Conversion and Identity Formation

I still have my friends from high school. I talk to them once a year. And they say, “Are you still Muslim? Are you raising your kids Muslim?” They think it is some kind of New Age fad that I might drop at any time, you know [laughs].

The problem in America, I don’t know in Sweden, is religious people. Nonreligious people just don’t understand how a smart, intelligent person can become religious. Even my mother, who had been searching all her life but had finally decided that there was nothing there, she just couldn’t understand . . . They think of it as a weakness or crutch, and especially for an intelligent woman “why Islam?”. . .

I hear the same from Egyptian women—why do we always have to talk about the scarf when we talk about Islam? Why, if I put a piece of material on my head, do I become stupid? Why does this even matter for discussion! What do you care what somebody wears if what’s inside doesn’t change? (Mariam)

What I find difficult in my life is that since I’m wearing the veil I am questioned. I find it very hard that my intellect is questioned. You can’t be intellectual or intelligent and Muslim at the same time. That com- bination does not exist for most Swedes. In their eyes I have to be somewhat stupid if I, as a Swedish woman, decide to convert to Islam (Marianne).

Mariam from the United States and Marianne from Sweden express disappointment and frustration about being misjudged and misunderstood as Western female converts1 to Islam. They feel a distressing gap between their own self-image and the negative stereotypes many Americans and Swedes have of religious people in general and Muslim women in particular.

They want to be valued for who they are, to be taken seriously. Each understands her conversion as an emotional and intellectual development in her own life, not as a com- pensation for weakness or a rejection of rationality.

In this book I depart from interviews that I have conducted with some women in Sweden and in the United States who have converted to Islam. I was interested in their identity and life as Muslim and what they found appealing within the Islamic faith.
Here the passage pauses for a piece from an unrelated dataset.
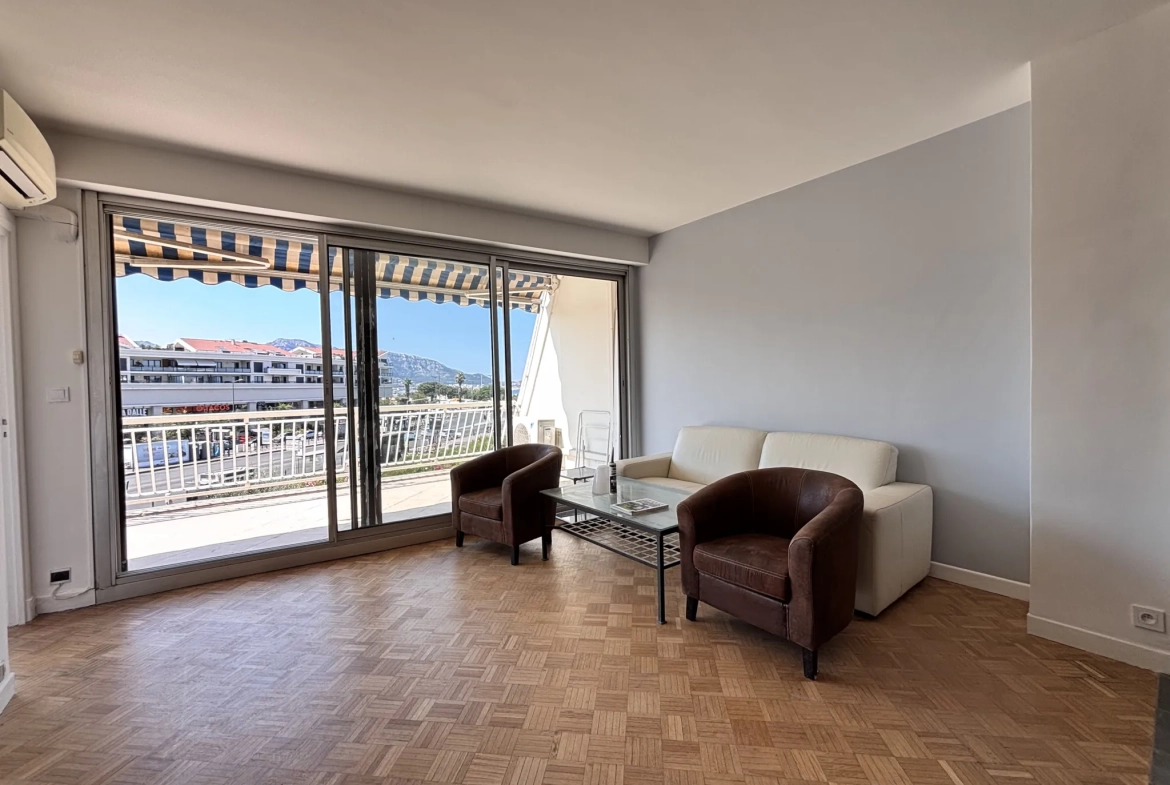 Appartement 2 pièces avec vue mer dans le quartier La Plage à Marseille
The women told me about particular experiences that were charged with emotional and existential meaning, such as having a dream, a separation, or going on trips to foreign places, experiences that had triggered a need for spiritual connection and fascination with another way of living. Many of them told me about a long process of reflecting, reading, discussing, and slowly trying out what was for them a new and dif- ferent worldview.

The conversions reflect in this sense a slow, gradual transformation. The accounts of the women, as well as others’,2 reflect a longing for a change of self, and over time the religious belief has been given salient meaning within a specific subjective world.

When I have talked about my research, in academic as well as nonacademic contexts, many people have ventilated skepticism and wonder about how Western women at all could deliberately convert to Islam, a religion they often associate with oppression of women. Overall, Islam has become a charged and widely discussed subject that generates a lot of emotions; everyone seems to have an opinion about it. The presence of Islam in the West is palpable, being the fastest growing religion in both Europe and the United States.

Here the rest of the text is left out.